Things moved quickly from that point, and we were referred to neuromuscular teams at a children's hospital. The teams we met with did a complete evaluation of Peter, including a few more blood tests, so that we could start ruling out neurological disorders. If we could rule most of these out, all signs would likely point to some type of muscular dystrophy (MD).

During this time, we also had genetic testing done to test for the most common type of MD, Duchenne muscular dystrophy (DMD). More than 50 percent of MD diagnoses are DMD, and it predominantly affects boys, so it made sense to check for it. Peter's test came back negative for DMD, and it was at this point that our doctor mentioned limb-girdle and other rarer forms of muscular dystrophy. The genetic testing confirmed limb-girdle muscular dystrophy (LGMD) 2C.

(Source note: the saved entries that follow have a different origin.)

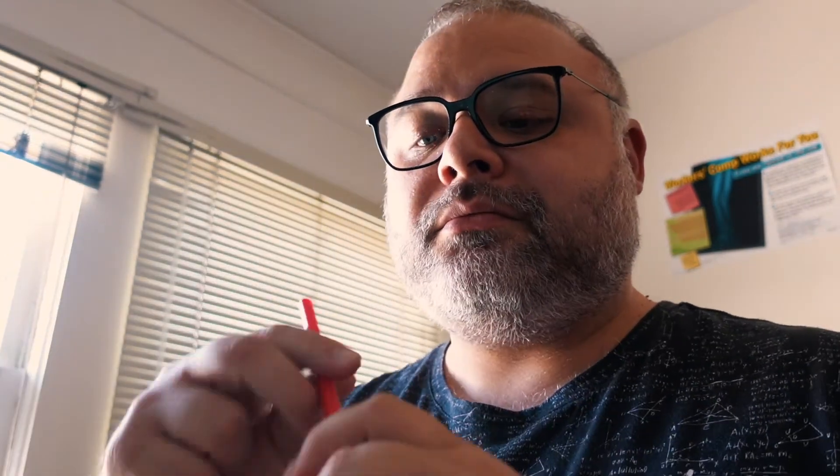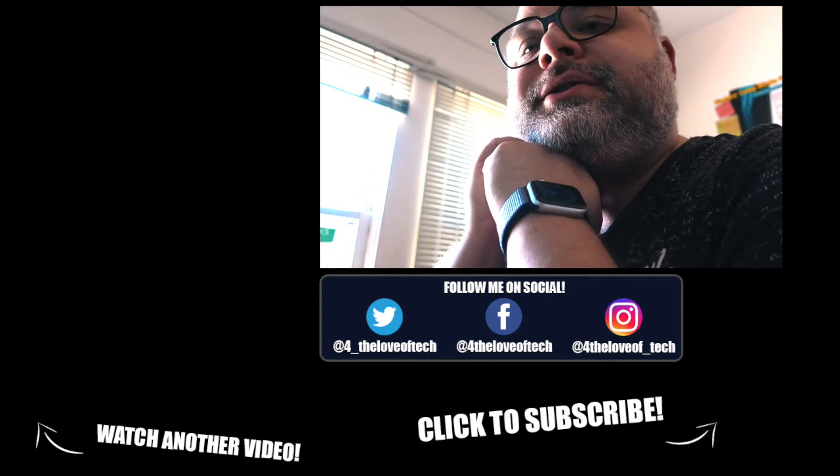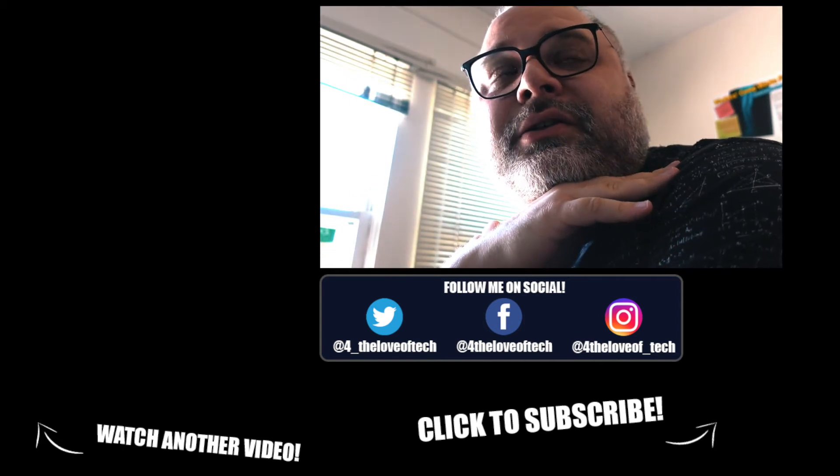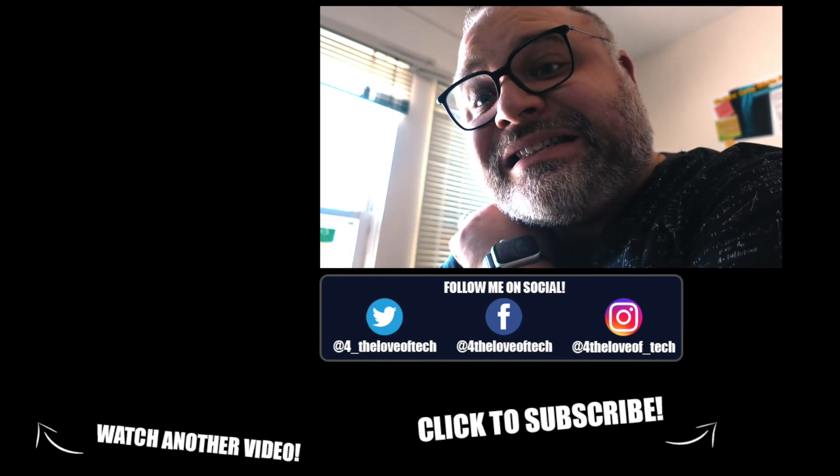Hey Clark, how was your trip? It was great. Got a smoothie. So that's AirTags. Clark, can you go get the mail please? Are you going to take your keys with you so you can get into the building? Yeah. Okay.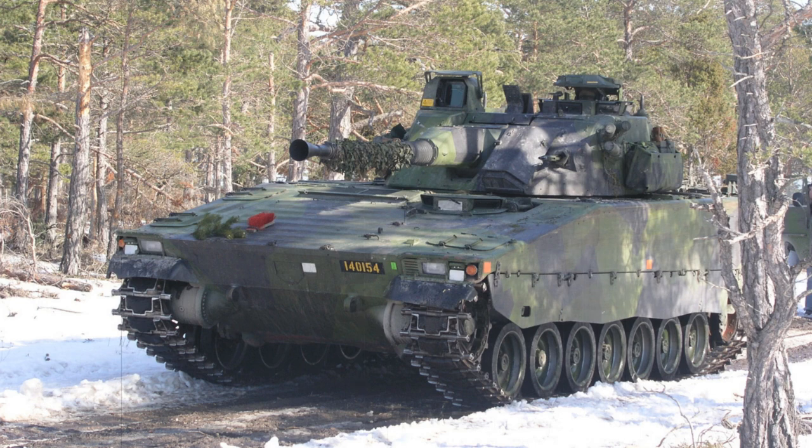Sweden, with its long-running and successful history of indigenous solutions, took the evolution in stride and developed their excellent Combat Vehicle 90, Stridsvagn 90, Infantry Fighting Vehicle to keep pace.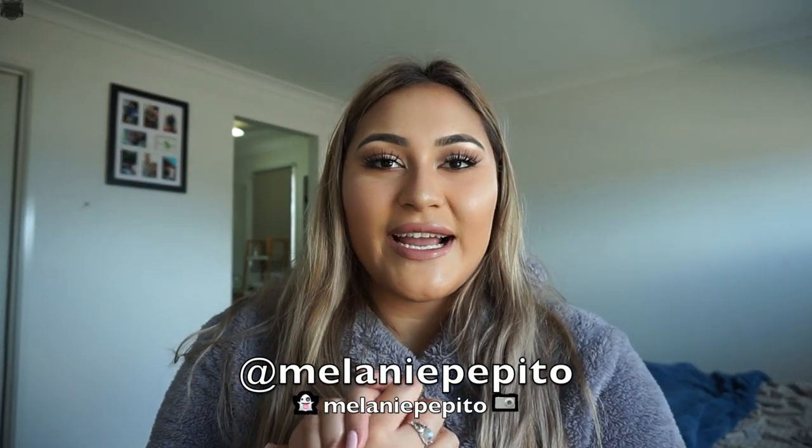Hey guys, welcome back to my channel! Today I'm doing this look — it's kind of like a nudie cut crease. I do apologize for the lighting for the rest of the video; I forgot my light, I left it in Ballarat at my parents' place, so I'm just relying on natural lighting. Sorry if it looks a little bit rough — hopefully the sun's got my back today.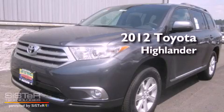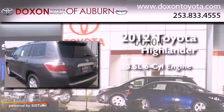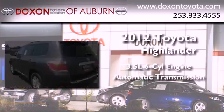This is a brand new 2012 Toyota Highlander. It has a 3.5-liter six-cylinder engine and an automatic transmission.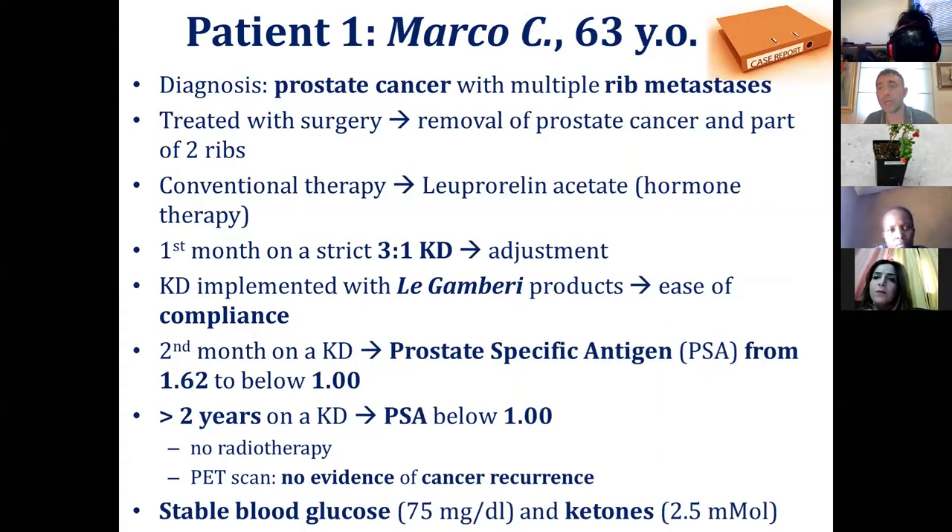I want to briefly discuss a few cancer cases I've been taking care of myself. The first case study, Marco, 63 years old, had prostate cancer with metastasis in the ribs. He was put on a 3-to-1 mild ketogenic diet. His PSA went from 1.62 to below 1, and he's been on ketogenic diet for over two years with his PSA staying below 1. He didn't do any radiotherapy, and his PET scan revealed no evidence of cancer recurrence.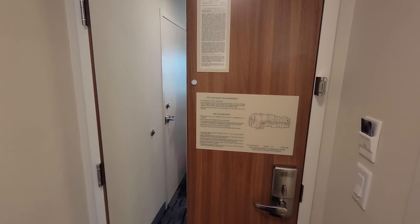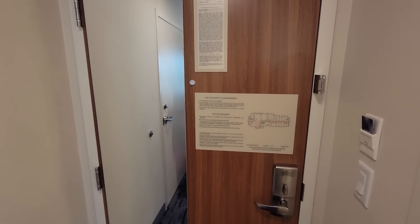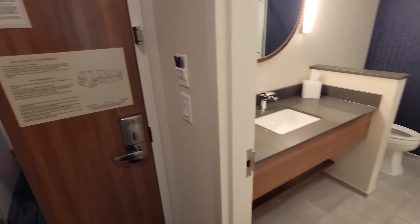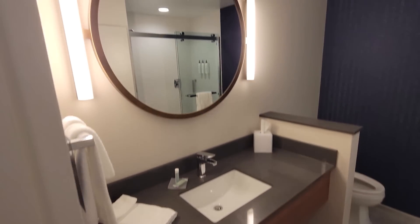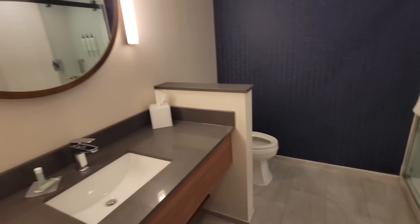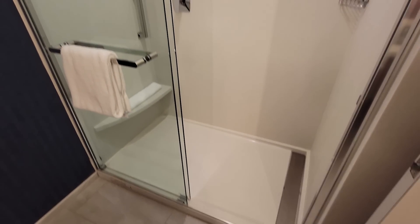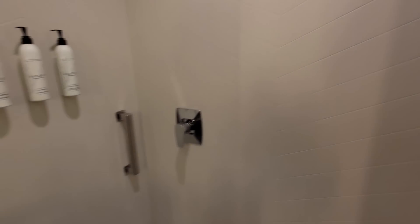We got a really good deal on a Fairfield Inn. We've stayed at them before and we're excited we could get one that doesn't break the bank. If you've never been to one, I highly recommend them — they're all awesome. The bathrooms are always fantastic; you can't go wrong. They usually have nice walk-in showers with great pressure and nice tile.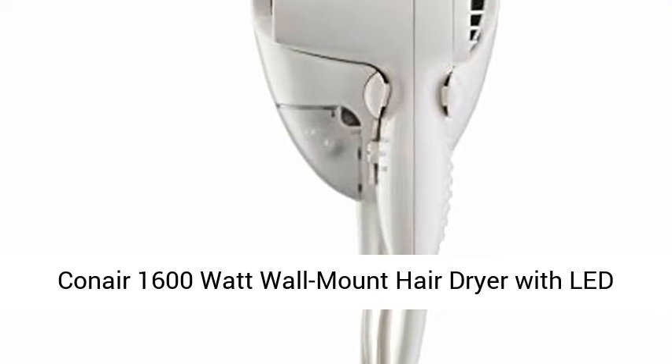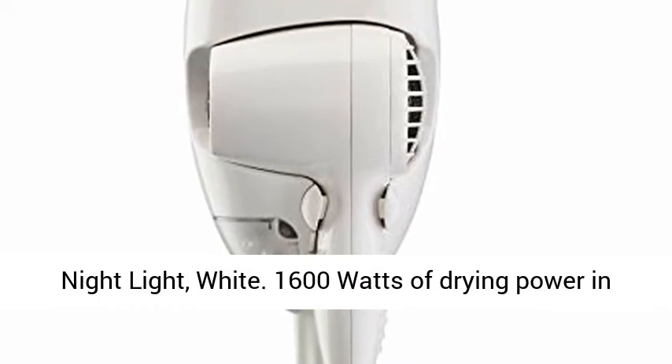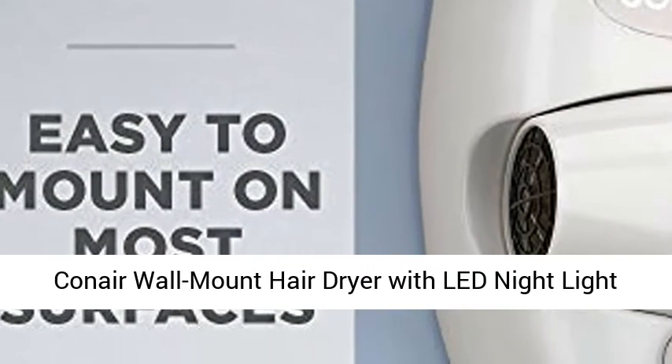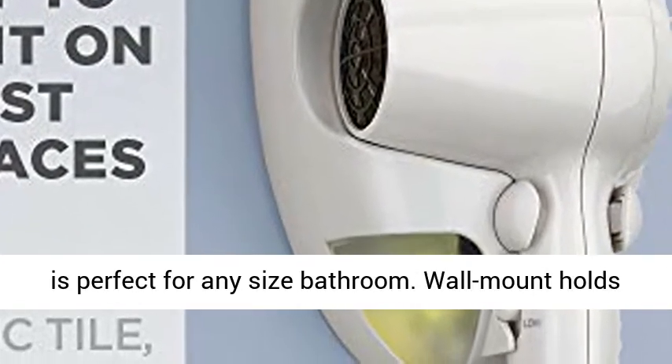Conair 1600 watt wall mount hair dryer with LED night light, white. 1600 watts of drying power in this compact and lightweight hair dryer. The Conair wall mount hair dryer with LED night light is perfect for any size bathroom.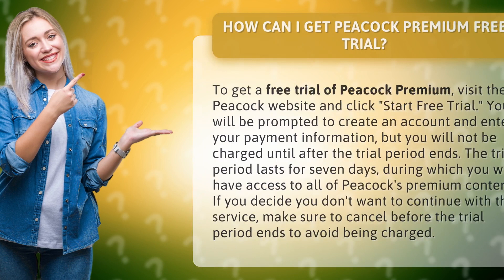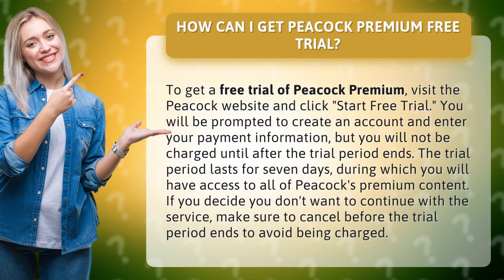How can I get Peacock Premium Free Trial? To get a free trial of Peacock Premium, visit the Peacock website and click Start Free Trial.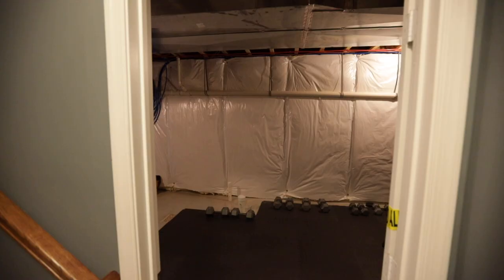Are you looking for entertainment space away from the main floor? This partially finished basement is great for a movie room, kids' playroom, or even a game room, and still has plenty of storage space.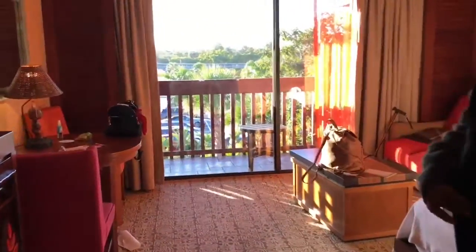Another quick look at the wet bar. This room also comes with a pullout couch and a queen bed.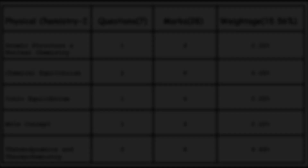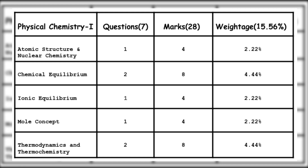The next unit carrying around 28 marks is Physical Chemistry Part 1 — 7 questions, 28 marks. The topics are: Atomic Structure and Nuclear Chemistry — 1 question, 4 marks; Chemical Equilibrium — 2 questions, 8 marks; Ionic Equilibrium — 1 question, 4 marks; Mole Concept — 1 question, 4 marks; and Thermodynamics and Thermochemistry — 2 questions, 8 marks.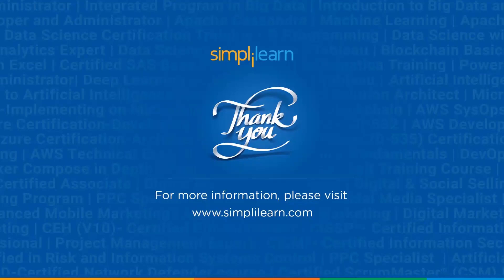So with that, we have come to an end of this tutorial on top AI technologies. If you have any queries regarding the technologies we discussed, or if you feel we missed anything important, please feel free to let us know in the comment section below. We'll be happy to hear from you. Until next time, thank you, stay safe, and keep learning.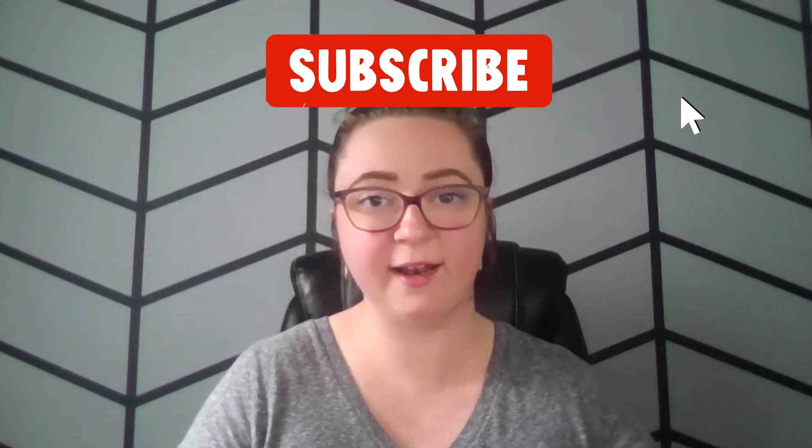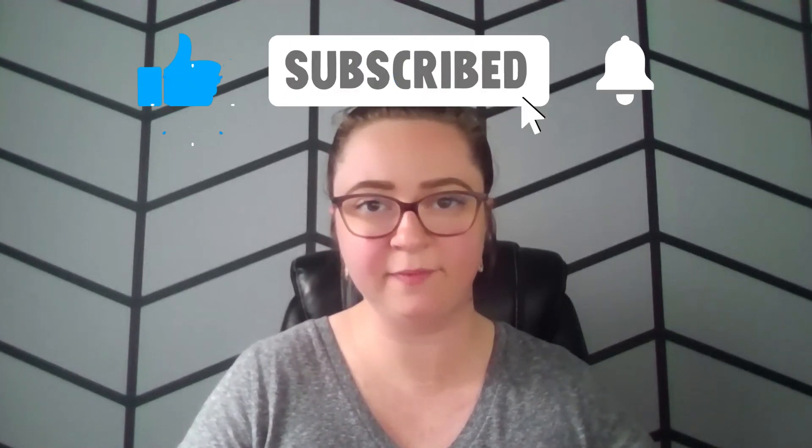If you liked this video, make sure you click that like button down below, and subscribe to our channel so that you can be notified every time we upload a new video. And if you have any HVAC design service needs, be sure to visit us at www.procalcs.net. Thanks for watching.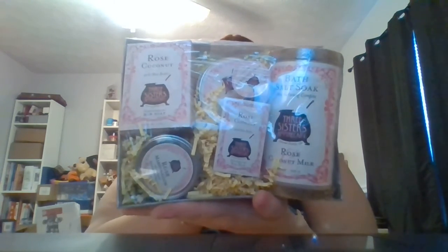Hi guys, I'm here with yet another unboxing. Thank you so much Three Sisters Apothecary and Soap Cauldron for my lovely review package. This isn't really an unboxing — this is more of a show-off thing because they were kind enough to send me the whole set, so I wanted to go ahead and give them some love for that. This is their gift set.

As we learned more about LGMD, and understood what was going on with Peter, Joe and I noticed that our youngest, Maggie, was also showing early signs of LGMD. We knew we had to get her tested. She had been walking on her tiptoes, which would have been easy to dismiss because she takes ballet and is so often on tiptoe, but it can also be a sign of LGMD. Maggie's genetic testing came back positive for LGMD2C, too.

"We will turn over every stone if it seems like there’s a chance it can help to propel the science forward."

At this time — and with the discretion of our pediatrician — we have decided not to do genetic testing for Luke, our third child. Luke isn't showing any symptoms that we've seen in Peter and Maggie. If we don't see any concerns in the future, he can do genetic testing at 18 for his carrier status.

Since getting the kids' diagnoses, Joe and I have been relentlessly researching and pursuing any and all options for Maggie and Peter. We wanted to learn everything we could about this disease, from every angle — reading medical journals and current research data, hunting for the best medical team, reaching out to LGMD advocacy groups, working with our state legislators, attending webinars and conferences. You name it. Joe has been knocking on every door, learning about research into gene therapy for LGMD and finding out what studies we can enroll our kids in.

We try to help them in their everyday lives. Peter is very stoic and plugs along even when asked why he's so slow. He's willing to tell his friends, 'Something's wrong with my legs; this is why I can't run, and I trip and fall.' We've worked with Peter's school to ensure he's in a classroom with his good friends so that he has the support he needs from them. They'll see him trip and fall, and they'll scoop an arm under his arm and help him up. We also have great support from our big, extended family, who help us manage our needs as we pursue options.

It's important to us that we give our kids age-appropriate information about their LGMD. Peter knows we're looking for options to help him in the future. Because she's younger, Maggie doesn't know much yet, but she will get to watch her big brother go through his journey, which may look very much like what hers will be. For both of them, we're trying to instill a sense of hope.

Our goals are to keep our kids as active, engaged, and motivated as possible. These early habits are going to help them as their symptoms progress. Joe and I are determined to advocate whenever and wherever we can for our kids. Whatever needs to be done, we will turn over every stone if it seems like there's a chance it can help to propel the science forward."

Courtney and Joe plan to focus on keeping normalcy and routine a part of their family life while continuing to adjust and advocate for their kids. They recently launched the Dion Foundation, a nonprofit dedicated to increasing awareness of LGMD and other rare genetic diseases.